Green Mountain Coffee Roaster (NASDAQ: GMCR): A Case Study For Herbalife...
This well known Einhorn short fell from a high of $110 to a local low of around $17.50. It has since recovered to $41.34 and rallied 141.6% from the 52-week low. In my view, it remains incredibly undervalued. First, the company is cheap probably by anyone's standards on a multiples basis. It trades at a PEG ratio below 1, which indicates that future growth has not been fully factored into the stock price. Second, it has delivered 75.4% annual EPS growth over the past 5 years. By contrast, competitor Starbucks (NASDAQ: SBUX), which trades at 30x past earnings, has only grown EPS by a rate of 5.4% during the same time. While the analysts continue to expect GMCR to outperform by around 200 bps more per year, this is not nearly optimistic for several reasons.
First, Starbucks has made a name for itself by saturating the market. The question that naturally follows but seems to not be asked is: how much penetration potential is left? Whereas Starbucks has few growth opportunities, as I see it, in the specialty coffee market, it has plenty of headwinds. The entrance of McDonald's in the grocery coffee market will pose a secular margin pressure on Starbucks in its attempt to stay, or even elevate, demand for higher-price coffee.
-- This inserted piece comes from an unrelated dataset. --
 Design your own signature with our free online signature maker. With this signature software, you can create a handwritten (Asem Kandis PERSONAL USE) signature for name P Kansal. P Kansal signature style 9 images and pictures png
GMCR, however, is just getting started in penetrating new markets. I thus strongly encourage buying GMCR over Starbucks. It should not be surprising then that GMCR has outperformed expectations by a higher average amount (36.3% vs. 2.4%) compared to its competitor.
Going forward, I anticipate strong returns for GMCR. The company recently made a deal with Costco that will help the company increase leverage towards a recovering economy. In the deal, Costco will carry single-serve coffee pods for the Keurig brewing system with a goal to sell the items by December. Shorts are starting to cover while people are becoming more encouraged about the single-serve market allowing for multiple competitors.
Herbalife (NYSE: HLF): More Than a Dead Cat Bounce
During the company's earnings call, David Einhorn suggested that the company could be running an illegal pyramid scheme. While the company has recovered from the bear attack, the effort was renewed by fellow activist investor Bill Ackman who explicitly called the company a pyramid scheme. Shares fell 54% from the 52-week low because of Ackman's claims. While they have since soared 35.9% from the 52-week low, I still believe the company is positioned more towards upside than downside from here for several reasons.
First, just purely on valuation. At a multiple of 15x, this translates to a future stock value of $66. Discounting backwards by 10% yields a present value of around $41 - 25% above the prevailing price. Free cash flow yield is also strong at 8.5% and rising. The PEG ratio stands at just 0.54--GMCR soared off of a multiple that was much higher…
Which brings me to my second point: the company is likely to use much of its free cash flow to aggressively repurchase shares. This is the best way that management could counter Ackman's thesis. It would essentially communicate to the market that the company has real cash, and it believes its stock is undervalued from a market behavioral anomaly.
Third, in regard to the pyramid scheme allegation--Lieberman Research has shown that one-twentieth of US households have consumed a Herbalife product in the last 3 months, and that 90% of those individuals came outside of the distribution network. In order for a company to be getting most of its sales outside the distribution network, it requires, well, real products. Herbalife has also succeeded for some time in China where direct selling is expressly forbidden. Clearly, Herbalife's products have value, and this is going to be communicated to investors in the company's special analyst call.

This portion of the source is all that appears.